Alfred Davies (14 October 1848 – 27 September 1907) was a British Liberal Party politician and businessman. Davies founded the British freight forwarding company Davies Turner in 1870 which claimed in 2013 to be the largest independent freight forwarding company operating in Great Britain.

==Early life==
Davies was born on 14 October 1848, the fourth son of Rev. John Davies, a Welsh Congregational Minister in London. His father was a farmer's son from Penygraig, Carmarthenshire, who had commenced preaching at sixteen, and progressed from Carmarthen Grammar School and the nonconformist Academy at Newport Pagnall to be the minister of Albany Chapel, Regent's Park, and Marsh- street, Walthamstow. His mother, Mary Kidman Foster, belonged to a prominent nonconformist family in Cambridgeshire. He was educated at Mill Hill School and at Rickmansworth. He married in 1877, Lydia Edith Death of Burnt Mill, Essex.

==Career==
At the age of seventeen, Davies left school and began working in the offices of a steamship company. Within a few years he had started in business on his own account and proved very successful. He was founder and Chairman of Directors of Davies, Turner & Co., Ltd, London, Liverpool, and elsewhere. He was also President of Davies, Turner & Co., of New York, Boston, and Philadelphia, underwriters and international carriers.
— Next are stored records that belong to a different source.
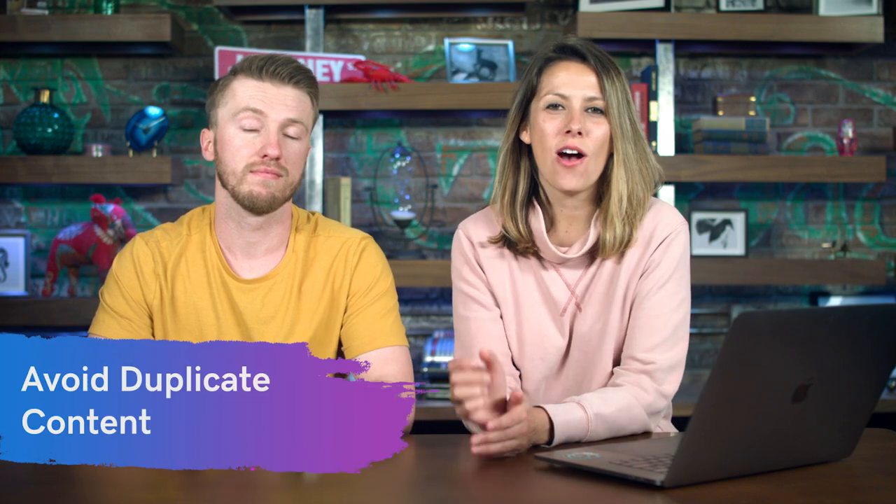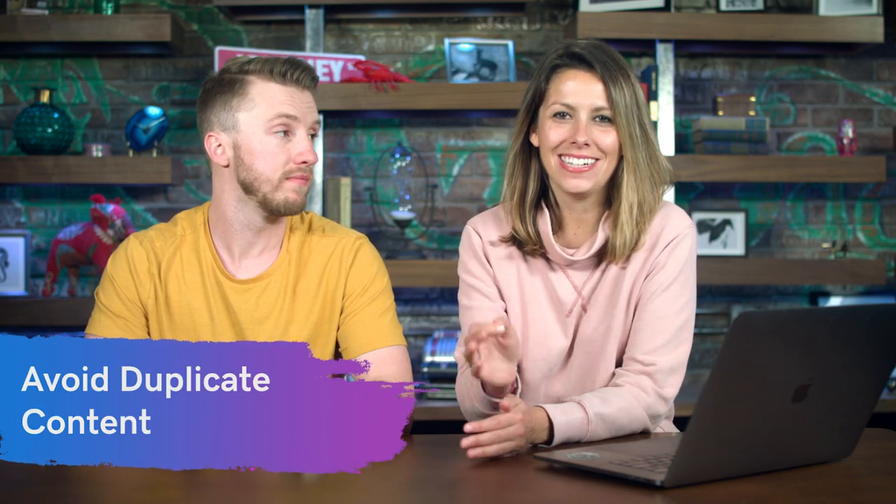SEO best practice number five: avoid duplicate content. Search engines will penalize you if you are using duplicate copy.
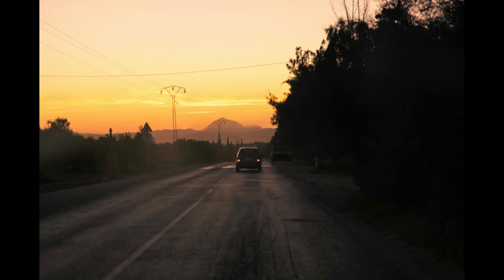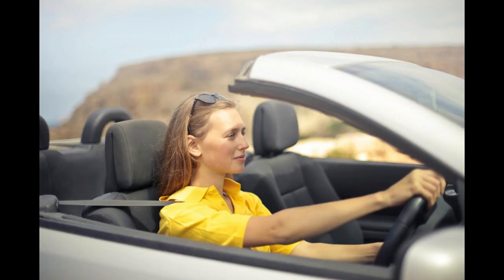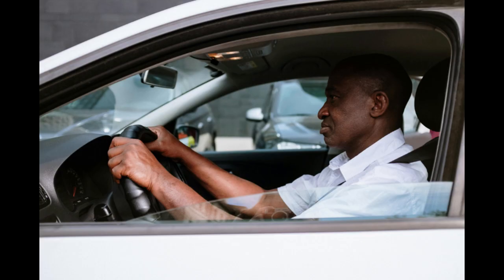Step 9: Secure Insurance. Consider obtaining insurance coverage for your used car business, such as liability insurance, property insurance, and dealer's insurance, to protect your business against potential risks and liabilities.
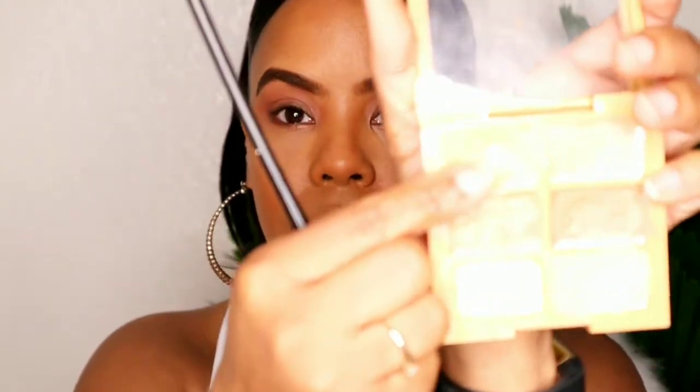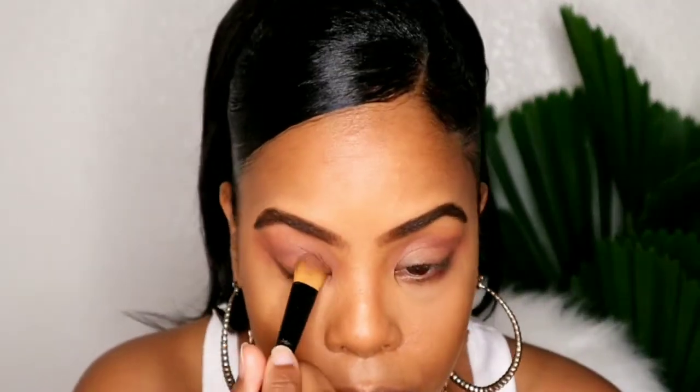Going in with this NYX concealer - it's a very light shade. I like to kind of carve out the lid as if we're doing a cut crease, just to put a little primer on the lid. This is actually a correcting palette but I use it anyway. Taking shades Auburn and Saute and going right on the lid to give it a nice soft effect.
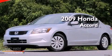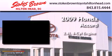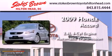This is a 2009 Honda Accord. It has a 2.4-liter four-cylinder engine and an automatic transmission.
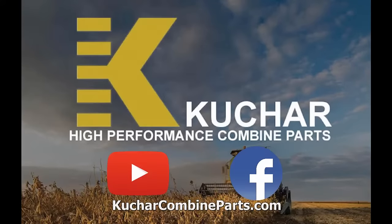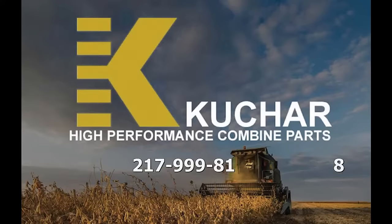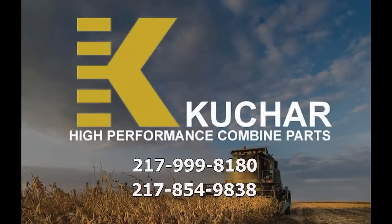Find us on our website, YouTube, Facebook, email us, or give us a call at 217-999-8180 or 217-854-9838.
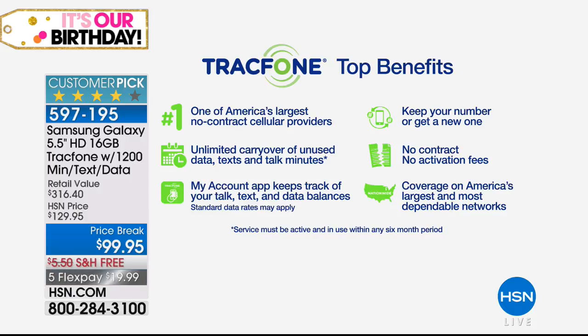TracFone is one of America's largest no-contract cellular service providers — millions of people are saving millions of dollars. You can buy with confidence. If you want to get out of your contract and stop paying major carriers, this is an awesome option. Unlimited carryover — if you're already a TracFone customer with minutes on another phone and you want to upgrade to this big bright beautiful 5.5-inch high definition Samsung Galaxy, you can roll your minutes over. You can also keep your same phone number, and it's free to do that regardless of your current carrier.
==Early political career==
Davies was a Progressive party member of the London County Council from 1889 to 1892, representing Hackney North. He earned a reputation as a social reformer, and at his own expense prosecuted a number of owners of unsanitary cellar dwellings. In 1890, Davies was nominated to be Liberal candidate for the vacancy in East Carmarthenshire following the death of David Pugh but he withdrew before the selection conference.

==Member for Carmarthen Boroughs==
In 1899, Davies was selected as Liberal candidate for Carmarthen Boroughs, a constituency then held by the Liberal Unionist, Sir John Jones Jenkins. Davies defeated Jenkins at the 1900 General Election and sat as Liberal MP for the constituency until 1906.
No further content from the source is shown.